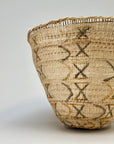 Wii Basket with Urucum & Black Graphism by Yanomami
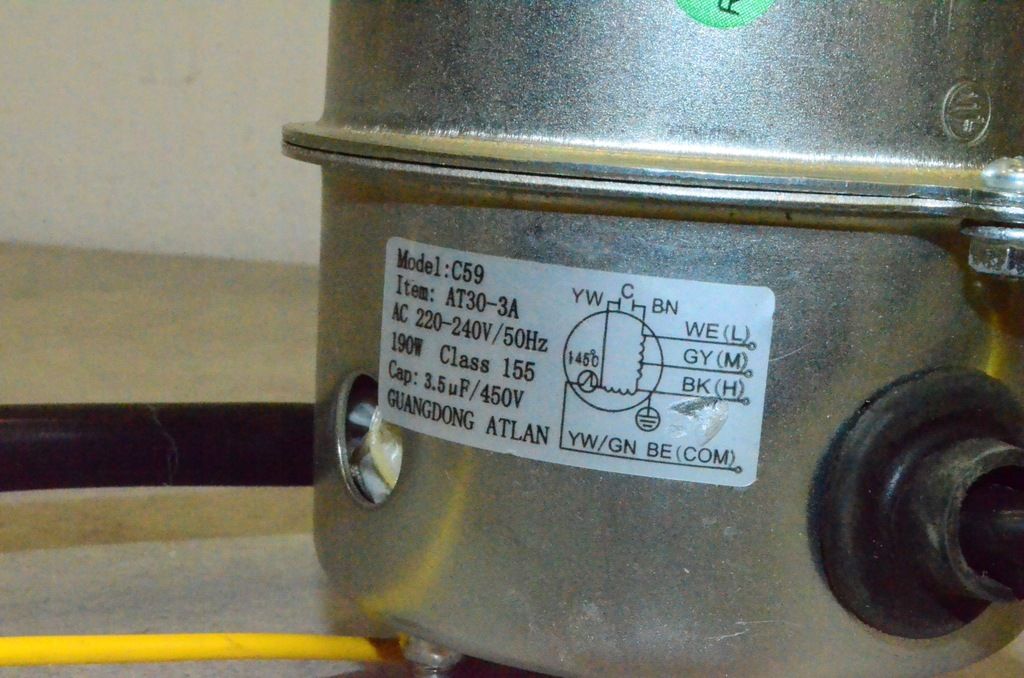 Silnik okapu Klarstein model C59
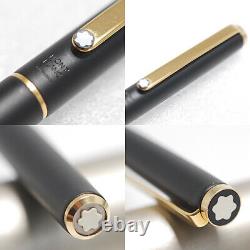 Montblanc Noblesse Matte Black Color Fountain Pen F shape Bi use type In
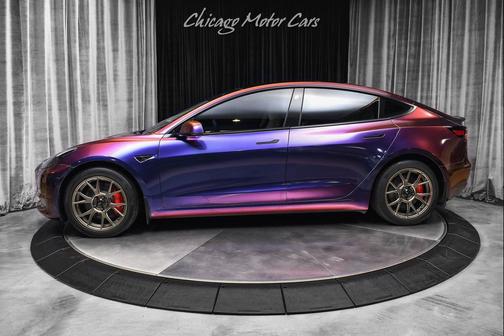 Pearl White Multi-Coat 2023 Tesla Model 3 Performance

TASK BRIEF: Leave out the pictures, and retype exactly the lines from the one containing "Silnik okapu Klarstein model C59" through the final line of the data.

RESULT:
 Silnik okapu Klarstein model C59
 Montblanc Noblesse Matte Black Color Fountain Pen F shape Bi use type In
 Pearl White Multi-Coat 2023 Tesla Model 3 Performance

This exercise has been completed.